Pulla is a traditional Finnish coffee bread. Helena makes this in her own bread oven and it is delicious. When freshly cooked it is sweet and warm and its most striking feature is the unusual flavour of cardamom which is used to flavour this fabulous bread to great effect. The cardamom complements the berry topping which was how it was served to us.

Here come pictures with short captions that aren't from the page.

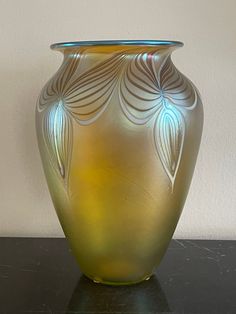 a large glass vase sitting on top of a black table next to a white wall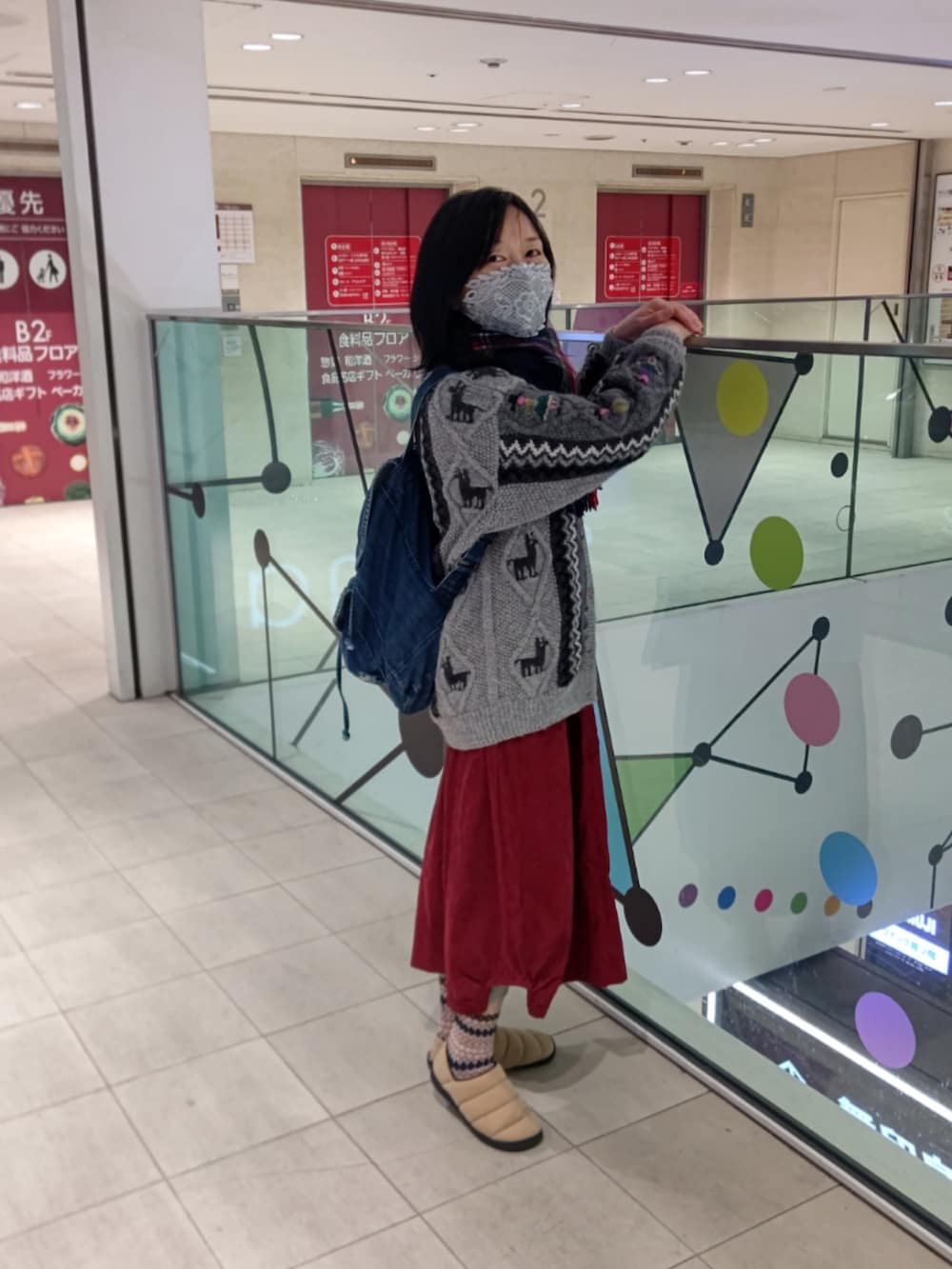 ベージュ系のスリッポン、レッド系のスカート、グレー系のその他アウターを着用したレディースの冬コーディネートの2枚目の写真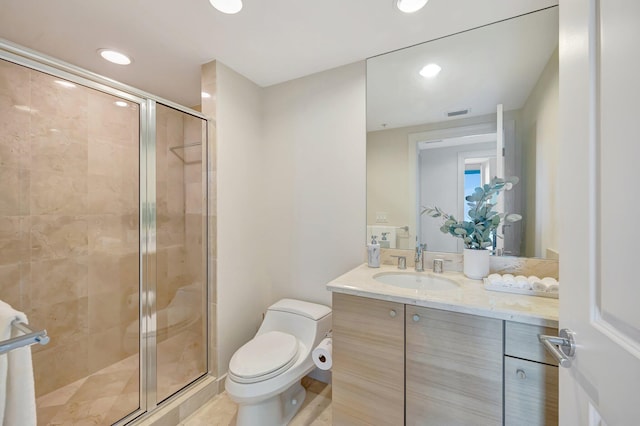 bathroom with a stall shower, toilet, vanity, and recessed lighting
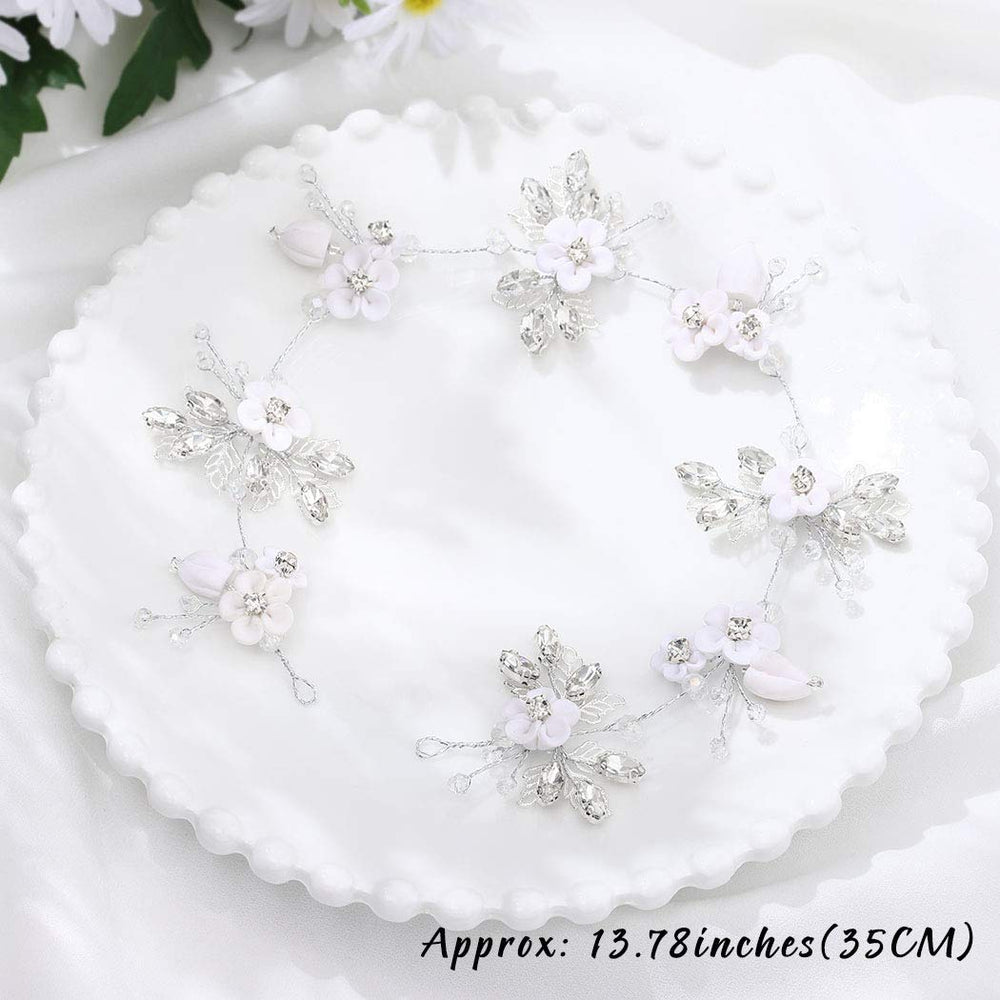 Unicra hair vine on a bride updo adding refined sparkle and finishing touch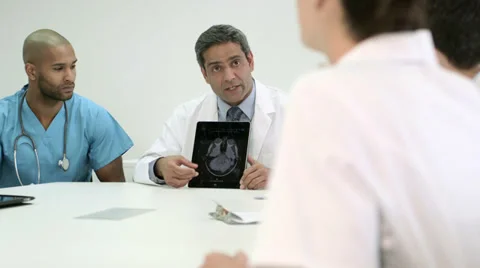 Four doctors using digital tablet in a meeting. Stock Footage 36080344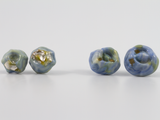 Selection of two barnacle earring studs in a blue-green glass reminiscent of a mermaid's tail. Two styles available.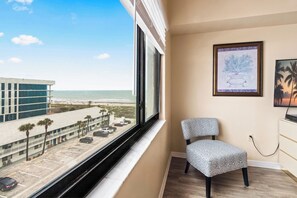 Ein Zimmer mit großem Fenster und Meerblick, einem Sessel und einem Bild an der Wand.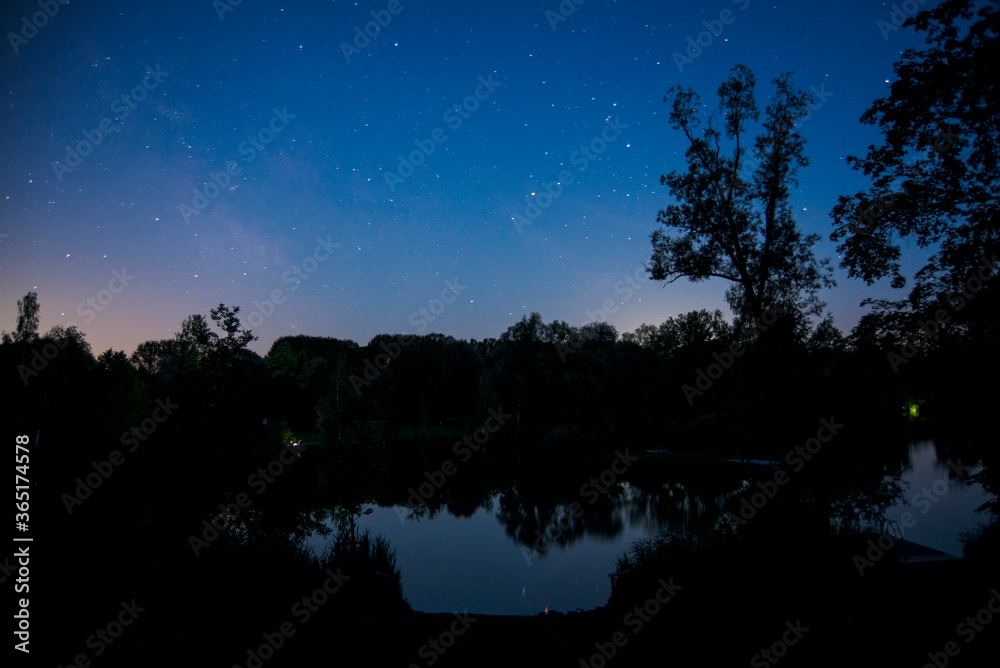 Stars shine bright over a lake at night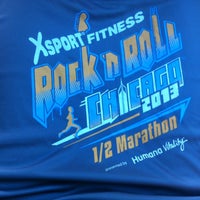 Photo taken at 2013 XSport Fitness Rock n Roll Half Marathon Expo by Mary Ann K. on 7/20/2013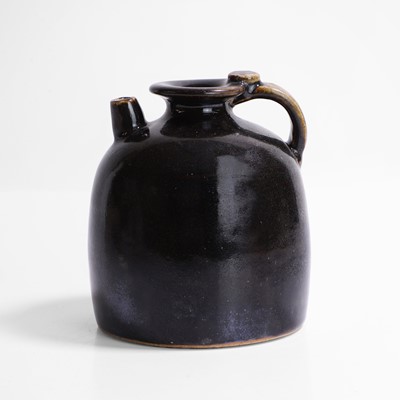 Lot 7 - A Chinese black-glazed ewer
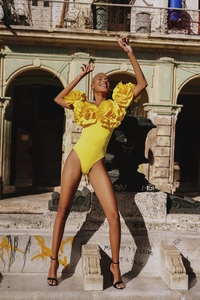 Close-up of vibrant yellow bodysuit featuring a large 3D floral ruffle on the shoulder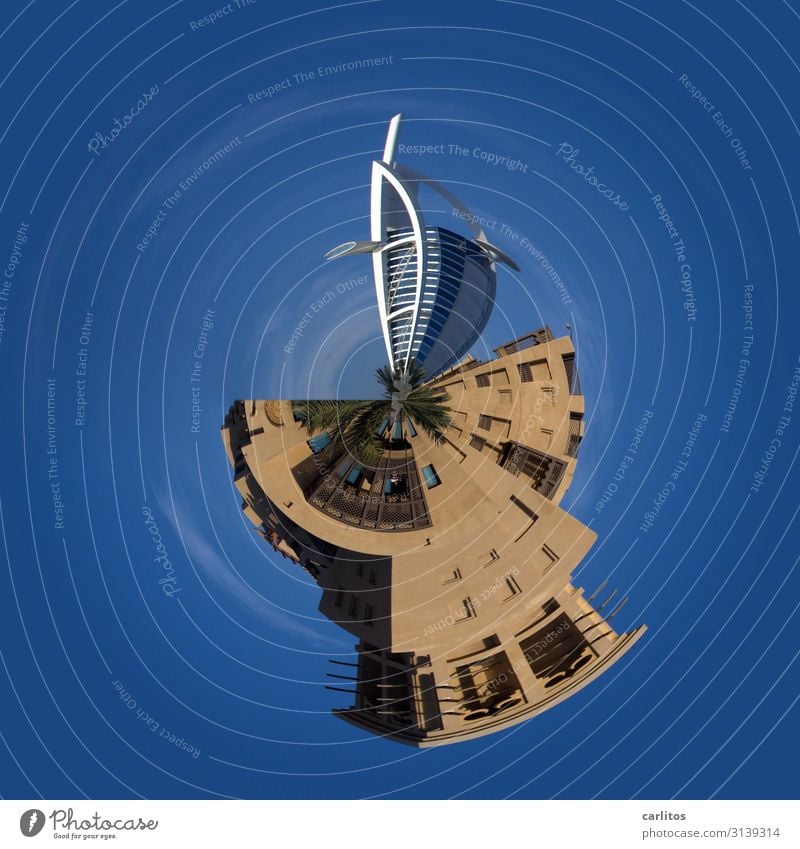 it goes around this world Burj Al-Arab Hotel Dubai little planet tiny world United Arab Emirates Tourism Blue globe Earth Planet High-rise construction boom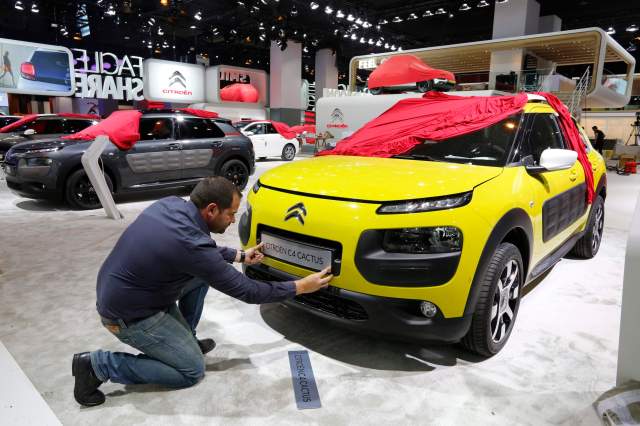 An employee prepares a Citroen C4 Cactus car which is displayed at French carmaker Citroen showcase for the Paris Mondial de l'Automobile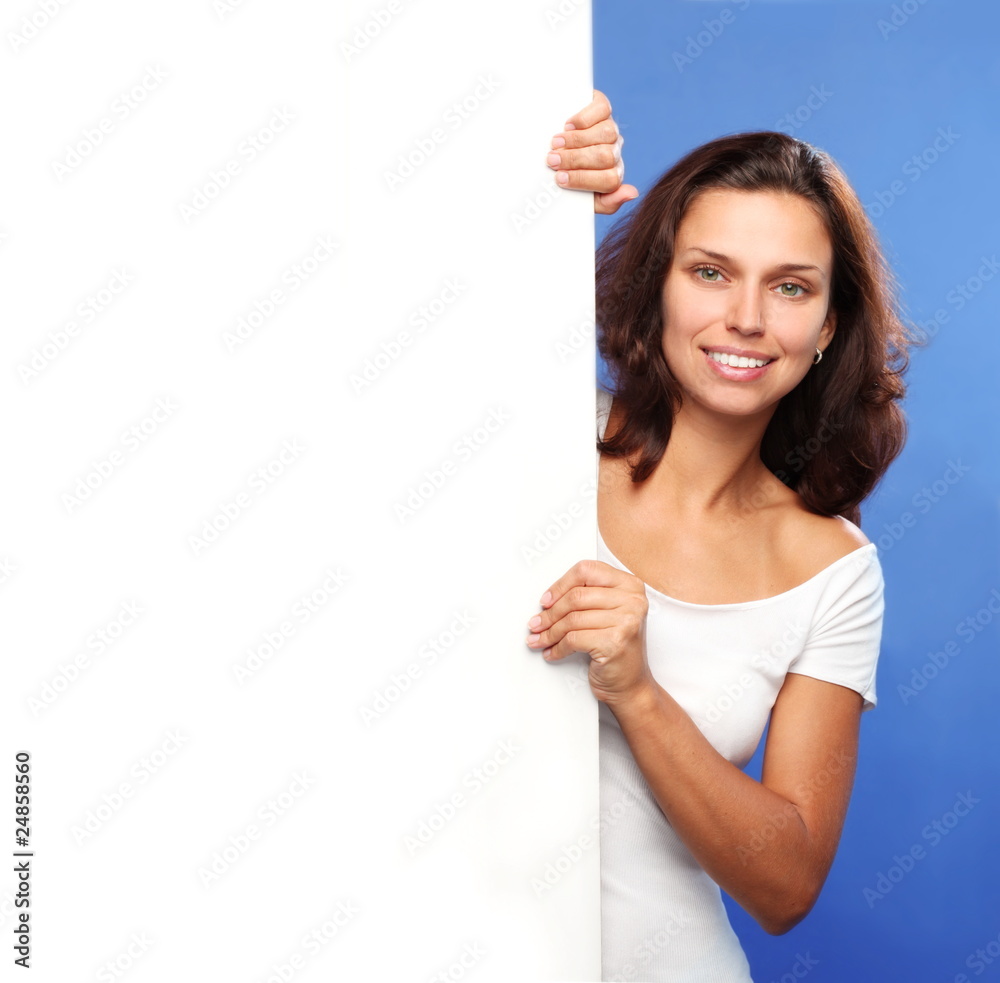 Beautiful brunette holding the edge of a white billboard Beautiful brunette holding the edge of a white billboard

  • 570ml semi skimmed milk
  • 170g unsalted butter
  • 225g caster sugar
  • 1 teaspoon salt
  • 1kg plain flour
  • 3 egg yolks
  • 1½ tablespoons ground cardamom seeds
  • 28g fresh yeast creamed with 1 teaspoon sugar and a little warm water

Topping

  • 250g fruit puree e.g. bilberry, raspberry, apple

Dissolve yeast in warm water and leave to activate for 5 minutes in a warm place. Meanwhile, bring milk to the boil and add the butter, sugar and salt. Stir in half of the flour and mix to make medium batter. Add egg yolks and cardamom and mix well. Add the yeast mixture to the batter. Let the dough rise until it has doubled in size, then punch down. Add remaining flour and knead. Let the dough rise a second time until double and then cut into four parts. Shape into loaves or braid. Spread with egg whites for glaze, if desired. Bake at 220 for 40-45 minutes.

The dough can also be shaped into flat rounds and cooked rather like little pizza. In which case they will only take about 10 minutes to cook. When cooked they can be topped with a puree of berries such as blueberry or cranberry and apple.